With the techniques mentioned on Stack Overflow, you could do it like this: (not tested)
size_t difference_avx2(size_t n, const char a[n], const char b[n]) {
size_t i;
__m256i count = _mm256_setzero_si256();
for (i = 0; (i + 4095) < n; i += 4096) {
__m256i inner_count = _mm256_setzero_si256();
for (size_t j = 0; j < 4096; j += 32) {
__m256i A = _mm256_loadu_si256((__m256i*)&a[i + j]);
__m256i B = _mm256_loadu_si256((__m256i*)&b[i + j]);
__m256i comparemask = _mm256_cmpeq_epi8(A, B);
inner_count = _mm256_sub_epi8(inner_count, comparemask);
}
count = _mm256_add_epi64(count, _mm256_sad_epu8(inner_count, _mm256_setzero_si256()));
}
for (; (i + 31) < n; i += 32) {
__m256i A = _mm256_loadu_si256((__m256i*)&a[i]);
__m256i B = _mm256_loadu_si256((__m256i*)&b[i]);
__m256i comparemask = _mm256_abs_epi8(_mm256_cmpeq_epi8(A, B));
count = _mm256_add_epi64(count, _mm256_sad_epu8(comparemask, _mm256_setzero_si256()));
}
size_t count_scalar = _mm256_extract_epi64(count, 0) +
_mm256_extract_epi64(count, 1) +
_mm256_extract_epi64(count, 2) +
_mm256_extract_epi64(count, 3);
for (; i < n; i++) {
count_scalar += a[i] == b[i];
}
return n - count_scalar;
}
The key trick is creating an extra inner loop, which runs 128 times (we could go up to 255 but it's such a non-round number.. but do it if you want). In that loop, we are free to subtract (or add) the boolean results as bytes, which prevents the 8x expansion factor that converting them to 64-bit numbers entails, and everything that comes along with it (the extra vpmovzx's and so on).

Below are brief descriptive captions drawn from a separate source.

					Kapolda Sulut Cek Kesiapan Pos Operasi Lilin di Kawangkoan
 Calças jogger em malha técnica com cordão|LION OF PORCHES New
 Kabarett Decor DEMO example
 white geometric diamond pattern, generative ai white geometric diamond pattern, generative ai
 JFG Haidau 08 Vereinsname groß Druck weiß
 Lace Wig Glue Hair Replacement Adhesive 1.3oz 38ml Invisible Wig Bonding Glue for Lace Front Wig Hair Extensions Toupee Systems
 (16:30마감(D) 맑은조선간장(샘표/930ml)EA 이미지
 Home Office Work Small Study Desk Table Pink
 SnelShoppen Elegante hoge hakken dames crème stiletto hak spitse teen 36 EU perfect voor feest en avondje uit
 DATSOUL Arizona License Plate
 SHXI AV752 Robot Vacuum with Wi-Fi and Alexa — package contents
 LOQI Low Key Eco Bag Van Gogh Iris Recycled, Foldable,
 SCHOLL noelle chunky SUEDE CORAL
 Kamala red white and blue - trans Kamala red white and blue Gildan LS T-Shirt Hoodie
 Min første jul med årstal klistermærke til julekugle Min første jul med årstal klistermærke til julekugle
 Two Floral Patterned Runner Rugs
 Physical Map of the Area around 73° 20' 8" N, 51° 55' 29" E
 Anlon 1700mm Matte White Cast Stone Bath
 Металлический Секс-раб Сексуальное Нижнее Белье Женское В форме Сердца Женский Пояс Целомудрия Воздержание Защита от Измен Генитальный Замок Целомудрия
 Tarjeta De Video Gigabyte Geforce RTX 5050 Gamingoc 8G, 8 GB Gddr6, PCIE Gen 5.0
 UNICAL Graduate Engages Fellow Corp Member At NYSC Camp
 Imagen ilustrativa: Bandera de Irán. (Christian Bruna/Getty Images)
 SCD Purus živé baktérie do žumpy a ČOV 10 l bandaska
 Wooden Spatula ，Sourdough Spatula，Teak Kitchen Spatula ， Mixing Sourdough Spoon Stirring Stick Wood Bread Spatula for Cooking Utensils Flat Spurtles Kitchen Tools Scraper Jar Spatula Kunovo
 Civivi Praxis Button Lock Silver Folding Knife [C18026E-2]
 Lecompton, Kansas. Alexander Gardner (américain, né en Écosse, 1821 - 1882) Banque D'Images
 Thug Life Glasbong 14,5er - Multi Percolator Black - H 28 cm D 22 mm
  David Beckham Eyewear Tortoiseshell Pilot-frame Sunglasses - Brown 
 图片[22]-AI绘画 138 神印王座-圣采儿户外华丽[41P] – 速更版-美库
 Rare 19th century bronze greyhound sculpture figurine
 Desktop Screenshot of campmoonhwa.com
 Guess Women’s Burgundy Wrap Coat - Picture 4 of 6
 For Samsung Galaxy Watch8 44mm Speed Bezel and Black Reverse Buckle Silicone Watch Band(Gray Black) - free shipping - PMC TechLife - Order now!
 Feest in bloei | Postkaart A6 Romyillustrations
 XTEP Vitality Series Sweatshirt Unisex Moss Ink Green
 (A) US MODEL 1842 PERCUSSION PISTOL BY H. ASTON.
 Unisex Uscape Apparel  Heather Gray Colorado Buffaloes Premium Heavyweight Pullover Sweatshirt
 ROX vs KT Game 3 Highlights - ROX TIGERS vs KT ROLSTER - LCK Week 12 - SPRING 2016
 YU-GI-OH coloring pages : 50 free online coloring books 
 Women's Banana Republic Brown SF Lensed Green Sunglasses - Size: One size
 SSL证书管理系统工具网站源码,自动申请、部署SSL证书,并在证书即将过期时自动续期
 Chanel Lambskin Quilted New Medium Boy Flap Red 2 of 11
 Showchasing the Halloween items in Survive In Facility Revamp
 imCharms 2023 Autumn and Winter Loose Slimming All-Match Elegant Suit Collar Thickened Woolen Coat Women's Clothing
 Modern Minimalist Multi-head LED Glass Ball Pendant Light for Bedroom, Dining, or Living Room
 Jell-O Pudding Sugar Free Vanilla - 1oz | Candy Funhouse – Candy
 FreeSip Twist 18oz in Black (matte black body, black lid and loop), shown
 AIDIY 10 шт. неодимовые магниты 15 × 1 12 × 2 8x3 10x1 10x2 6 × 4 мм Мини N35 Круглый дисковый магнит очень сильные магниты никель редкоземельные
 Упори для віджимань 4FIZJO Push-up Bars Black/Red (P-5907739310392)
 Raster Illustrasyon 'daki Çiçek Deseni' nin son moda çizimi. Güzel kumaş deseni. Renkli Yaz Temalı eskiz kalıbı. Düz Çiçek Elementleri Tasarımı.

The _mm256_sad_epu8 trick to horizontally add groups of 8 bytes is just a bonus really, it doesn't get executed all that often.
Is it fast? quick-bench says yes. Unfortunately the disassembly of the AVX2 version broke, but I'm inclined to believe the result: it should be about 8x as fast as what Clang was doing itself, because we don't have the 8x expansion factor. That's a bit simplistic and frankly optimistic, but still, this result does not imply that the benchmark is broken, it really could be that much faster.
If you cannot use AVX2, you should be easily able to cut this down into an SSSE3 version with 128-bit vectors.